_Source data_:
<<<<
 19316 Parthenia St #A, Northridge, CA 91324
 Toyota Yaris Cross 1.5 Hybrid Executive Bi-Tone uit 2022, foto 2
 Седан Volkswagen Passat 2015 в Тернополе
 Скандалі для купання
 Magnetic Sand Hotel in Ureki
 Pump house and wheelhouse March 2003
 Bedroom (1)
>>>>
<<<<
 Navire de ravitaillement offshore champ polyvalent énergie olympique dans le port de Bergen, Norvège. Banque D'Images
>>>>
_Task to complete_: In the listing above, the lines from the one containing "Скандалі для купання" through the one containing "Bedroom (1)" must be set down exactly, with no other lines.

_Output of the task_:
 Скандалі для купання
 Magnetic Sand Hotel in Ureki
 Pump house and wheelhouse March 2003
 Bedroom (1)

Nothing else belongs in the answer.